> **Record set**:
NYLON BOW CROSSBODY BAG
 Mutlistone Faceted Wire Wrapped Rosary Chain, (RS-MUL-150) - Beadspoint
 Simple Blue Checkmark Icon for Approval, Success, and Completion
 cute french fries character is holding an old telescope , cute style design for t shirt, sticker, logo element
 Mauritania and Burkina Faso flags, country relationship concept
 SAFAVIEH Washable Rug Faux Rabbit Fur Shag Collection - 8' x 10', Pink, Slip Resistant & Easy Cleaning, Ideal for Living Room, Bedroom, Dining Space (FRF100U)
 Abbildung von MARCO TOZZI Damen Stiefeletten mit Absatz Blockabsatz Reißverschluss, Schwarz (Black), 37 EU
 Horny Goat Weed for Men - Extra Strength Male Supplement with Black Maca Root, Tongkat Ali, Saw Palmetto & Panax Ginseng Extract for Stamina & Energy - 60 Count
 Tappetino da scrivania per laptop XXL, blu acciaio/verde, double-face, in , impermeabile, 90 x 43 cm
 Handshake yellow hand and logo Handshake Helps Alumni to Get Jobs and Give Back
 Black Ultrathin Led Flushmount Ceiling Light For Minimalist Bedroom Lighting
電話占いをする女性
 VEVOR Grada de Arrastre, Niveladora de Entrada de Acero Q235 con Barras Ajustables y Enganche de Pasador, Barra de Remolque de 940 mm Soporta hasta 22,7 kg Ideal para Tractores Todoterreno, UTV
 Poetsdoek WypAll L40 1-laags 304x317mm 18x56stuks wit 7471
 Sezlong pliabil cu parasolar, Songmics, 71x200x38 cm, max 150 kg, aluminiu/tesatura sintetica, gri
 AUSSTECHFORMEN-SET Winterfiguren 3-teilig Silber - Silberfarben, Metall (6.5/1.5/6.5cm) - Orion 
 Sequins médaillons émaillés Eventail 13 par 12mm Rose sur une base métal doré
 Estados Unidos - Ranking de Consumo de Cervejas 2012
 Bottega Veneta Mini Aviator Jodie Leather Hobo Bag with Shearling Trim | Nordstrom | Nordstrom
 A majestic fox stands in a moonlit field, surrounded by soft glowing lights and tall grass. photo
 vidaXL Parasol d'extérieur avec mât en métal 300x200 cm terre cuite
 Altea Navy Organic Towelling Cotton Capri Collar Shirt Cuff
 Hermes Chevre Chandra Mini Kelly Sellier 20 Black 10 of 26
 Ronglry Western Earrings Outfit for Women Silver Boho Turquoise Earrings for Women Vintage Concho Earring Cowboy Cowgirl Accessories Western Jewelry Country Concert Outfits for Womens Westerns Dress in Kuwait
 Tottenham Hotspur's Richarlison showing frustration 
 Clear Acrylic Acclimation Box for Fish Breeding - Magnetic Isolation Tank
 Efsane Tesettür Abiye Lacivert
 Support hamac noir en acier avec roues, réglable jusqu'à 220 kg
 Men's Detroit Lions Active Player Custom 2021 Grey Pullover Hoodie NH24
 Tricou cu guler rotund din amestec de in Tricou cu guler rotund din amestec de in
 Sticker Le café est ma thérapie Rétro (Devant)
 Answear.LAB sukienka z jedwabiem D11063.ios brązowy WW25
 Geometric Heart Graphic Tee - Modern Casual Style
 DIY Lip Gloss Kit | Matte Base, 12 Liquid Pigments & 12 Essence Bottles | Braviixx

> **Brief**:
Within the data above, how many lines include the string "Bedroom"? Only the number is required.

> **Written response**:
2